* _INFORMATION SUPPLIED_
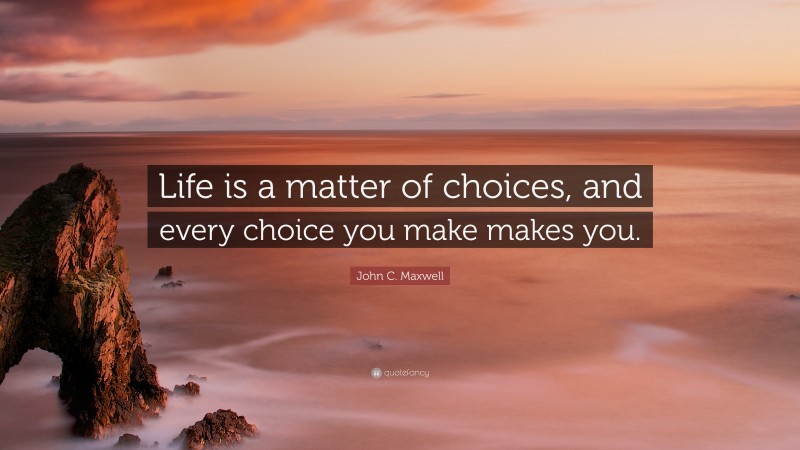 John C. Maxwell Quote: “Life is a matter of choices, and every choice you make makes you.”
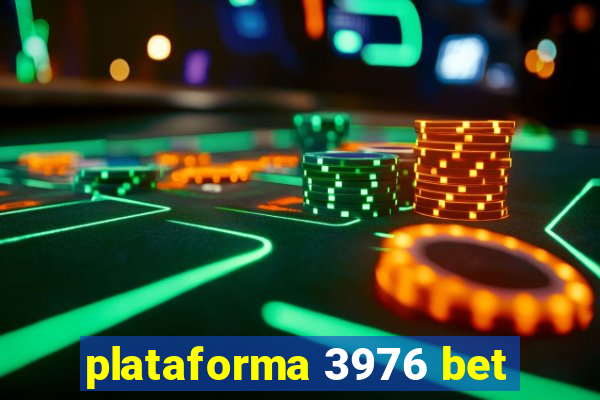 plataforma 3976 bet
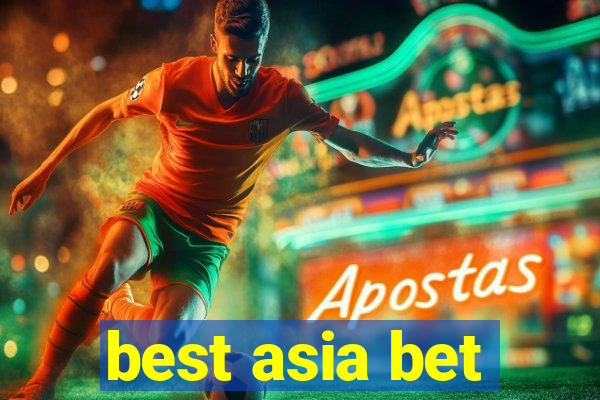 best asia bet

* _WHAT IS REQUIRED_
Give the listing again exactly, excluding pictures.

* _RESPONSE TO THIS EXERCISE_
 John C. Maxwell Quote: “Life is a matter of choices, and every choice you make makes you.”
 plataforma 3976 bet
 best asia bet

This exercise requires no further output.